Add CXX API for MatchaTTS models (#1676)

2025-01-03 14:16:36 +08:00
parent 9aa4897a9e
commit 648903834b
12 changed files with 403 additions and 8 deletions
--- a/sherpa-onnx/c-api/cxx-api.h
+++ b/sherpa-onnx/c-api/cxx-api.h
@@ -97,6 +97,10 @@ struct Wave {

 SHERPA_ONNX_API Wave ReadWave(const std::string &filename);

+// Return true on success;
+// Return false on failure
+SHERPA_ONNX_API bool WriteWave(const std::string &filename, const Wave &wave);
+
 template <typename Derived, typename T>
 class SHERPA_ONNX_API MoveOnly {
 public:
@@ -307,6 +311,91 @@ class SHERPA_ONNX_API OfflineRecognizer
  explicit OfflineRecognizer(const SherpaOnnxOfflineRecognizer *p);
 };

+// ============================================================================
+// Non-streaming TTS
+// ============================================================================
+struct OfflineTtsVitsModelConfig {
+  std::string model;
+  std::string lexicon;
+  std::string tokens;
+  std::string data_dir;
+  std::string dict_dir;
+
+  float noise_scale = 0.667;
+  float noise_scale_w = 0.8;
+  float length_scale = 1.0;  // < 1, faster in speed; > 1, slower in speed
+};
+
+struct OfflineTtsMatchaModelConfig {
+  std::string acoustic_model;
+  std::string vocoder;
+  std::string lexicon;
+  std::string tokens;
+  std::string data_dir;
+  std::string dict_dir;
+
+  float noise_scale = 0.667;
+  float length_scale = 1.0;  // < 1, faster in speed; > 1, slower in speed
+};
+
+struct OfflineTtsModelConfig {
+  OfflineTtsVitsModelConfig vits;
+  OfflineTtsMatchaModelConfig matcha;
+  int32_t num_threads = 1;
+  bool debug = false;
+  std::string provider = "cpu";
+};
+
+struct OfflineTtsConfig {
+  OfflineTtsModelConfig model;
+  std::string rule_fsts;
+  std::string rule_fars;
+  int32_t max_num_sentences = 1;
+};
+
+struct GeneratedAudio {
+  std::vector<float> samples;  // in the range [-1, 1]
+  int32_t sample_rate;
+};
+
+// Return 1 to continue generating
+// Return 0 to stop generating
+using OfflineTtsCallback = int32_t (*)(const float *samples,
+                                       int32_t num_samples, float progress,
+                                       void *arg);
+
+class SHERPA_ONNX_API OfflineTts
+    : public MoveOnly<OfflineTts, SherpaOnnxOfflineTts> {
+ public:
+  static OfflineTts Create(const OfflineTtsConfig &config);
+
+  void Destroy(const SherpaOnnxOfflineTts *p) const;
+
+  // Return the sample rate of the generated audio
+  int32_t SampleRate() const;
+
+  // Number of supported speakers.
+  // If it supports only a single speaker, then it return 0 or 1.
+  int32_t NumSpeakers() const;
+
+  // @param text A string containing words separated by spaces
+  // @param sid Speaker ID. Used only for multi-speaker models, e.g., models
+  //            trained using the VCTK dataset.
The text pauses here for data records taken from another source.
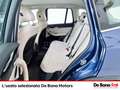 BMW X3 xdrive20d xline 190cv auto my19 Blauw - thumbnail 8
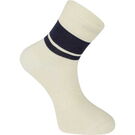 MADISON Freewheel Sock, bone 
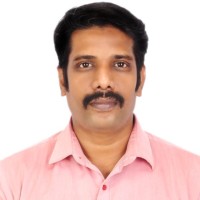 Sasi Kumar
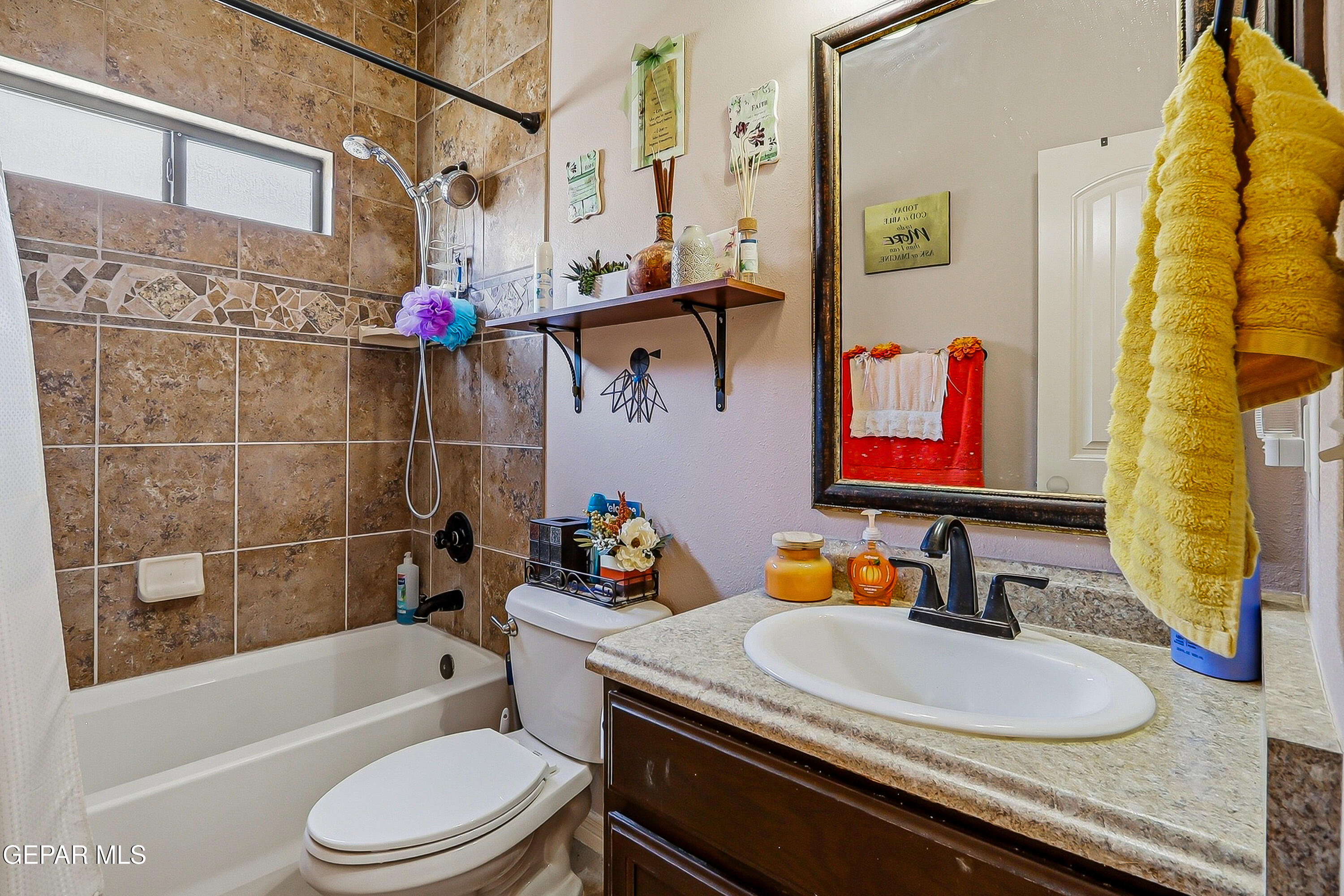 14211 Rattler Point Drive El Paso, TX 79938 - Photo 15 of 20 11-print-IMG_7826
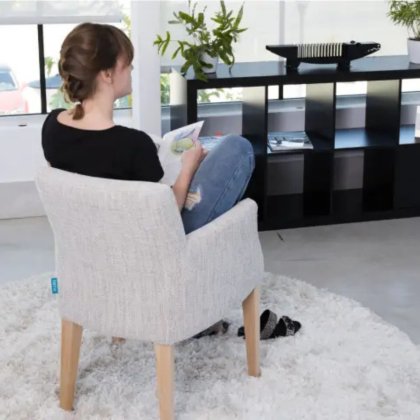 Fama - Marilin Chair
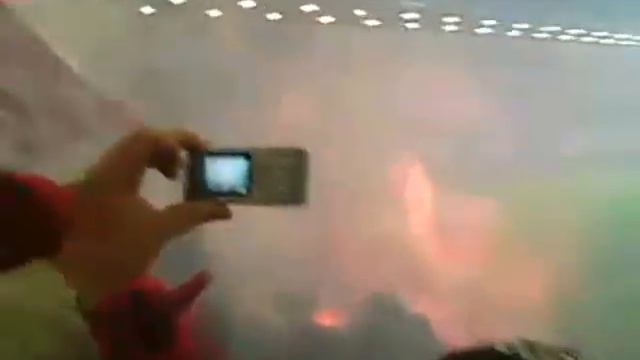 Fritz Walter Gedenken mit KC 2012 смотреть онлайн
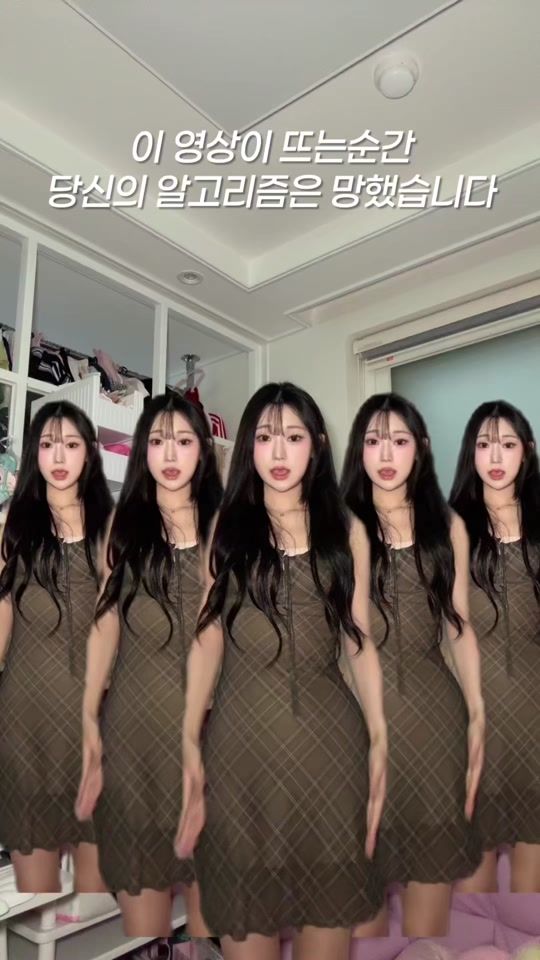 TikTok video thumbnail by kimming0_0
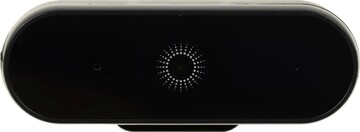 Вебкамера Oklick OK-C008FH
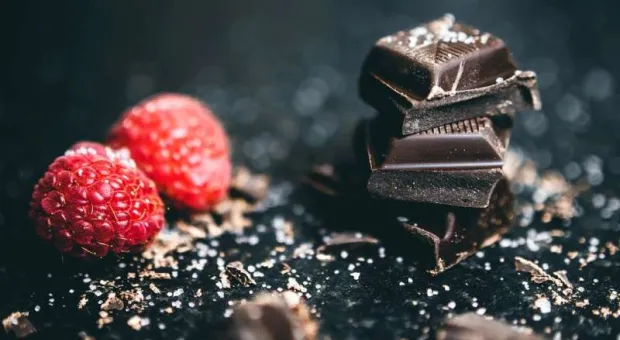 Любители шоколада из Крыма заработали себе срок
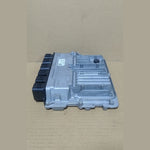 Bild in die Galerieansicht laden, BMW  G20 G21 3 SERIES  ENGINE CONTROL UNIT   BDC B47D Diesel 320d ECU -  9886664
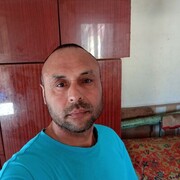  ,   , 48 ,   ,   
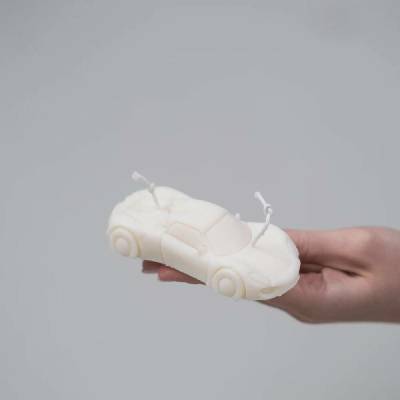 Svetluša SPORTIAK 12 cm x 3,5 cm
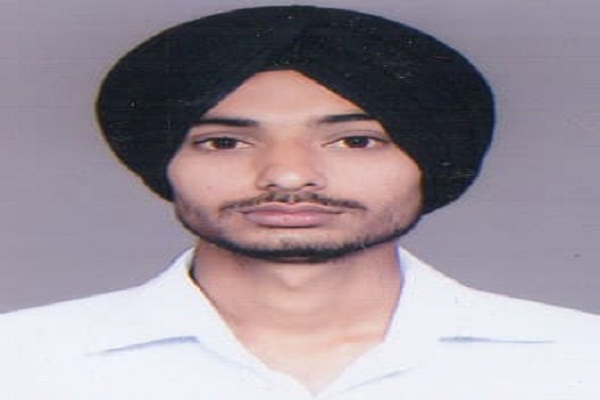 ਕਹਾਣੀ ਹੋਂਦ ਦੀ ਅਣਹੋਂਦ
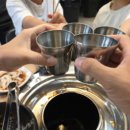 관두리정육식당 | 육즙가득 특제소스 일품 '한우마실정육식당 관평본점' 방문 솔직후기ㅣ평일저녁 가족외식ㅣ상차림비...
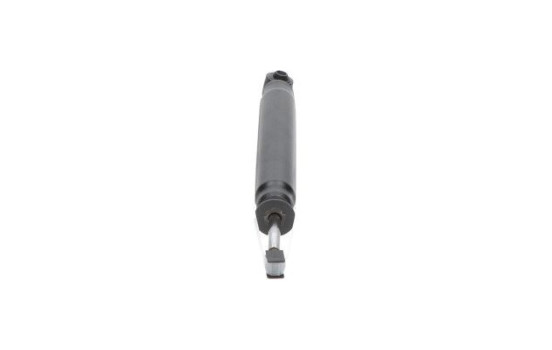 Shock Absorber SSA-10538 Kavo parts, Image 3
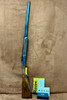 Rizzini Regal Royal Special CCH 28GA 29" | 138807
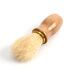 Easygrip Rounded Wooden Handled Paint Brushes 6pk  hi\-res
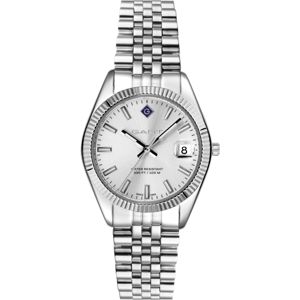 Gant Sussex Mini G181001 main product photo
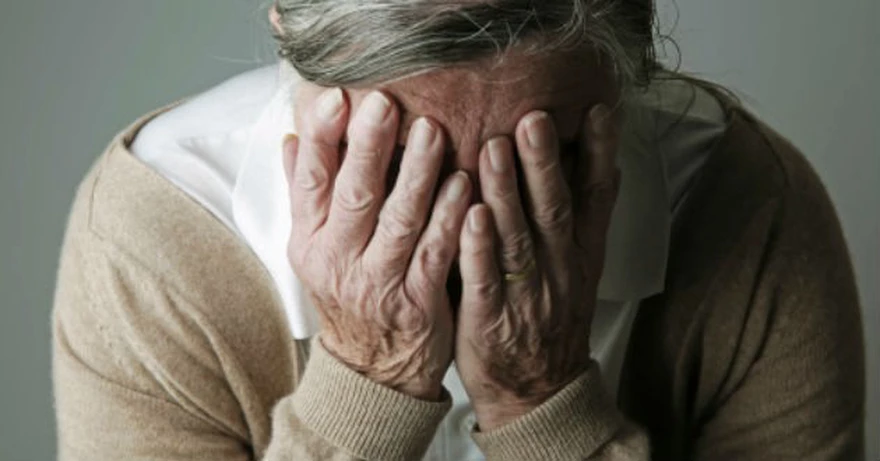 Alois Alzheimer: el médico visionario que descubrió la enfermedad del olvido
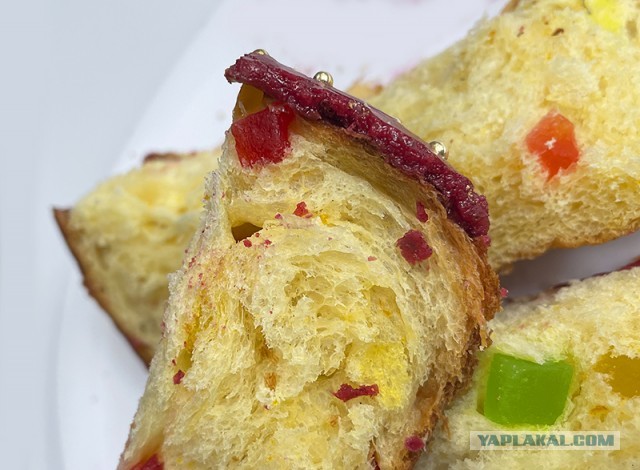 FAQ  по 100% ангажированию очаровательной особы для приятного времяпрепровождения. Кулич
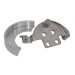Sealey Stretch Belt Installation Tool - Ford/Volvo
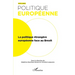 La politique étrangère européenne face au Brexit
It is not used for
+  //            single-speaker models, e.g., models trained using the ljspeech
+  //            dataset.
+  // @param speed The speed for the generated speech. E.g., 2 means 2x faster.
+  // @param callback If not NULL, it is called whenever config.max_num_sentences
+  //                 sentences have been processed. The callback is called in
+  //                 the current thread.
+  GeneratedAudio Generate(const std::string &text, int32_t sid = 0,
+                          float speed = 1.0,
+                          OfflineTtsCallback callback = nullptr,
+                          void *arg = nullptr) const;
+
+ private:
+  explicit OfflineTts(const SherpaOnnxOfflineTts *p);
+};
+
 }  // namespace sherpa_onnx::cxx

 #endif  // SHERPA_ONNX_C_API_CXX_API_H_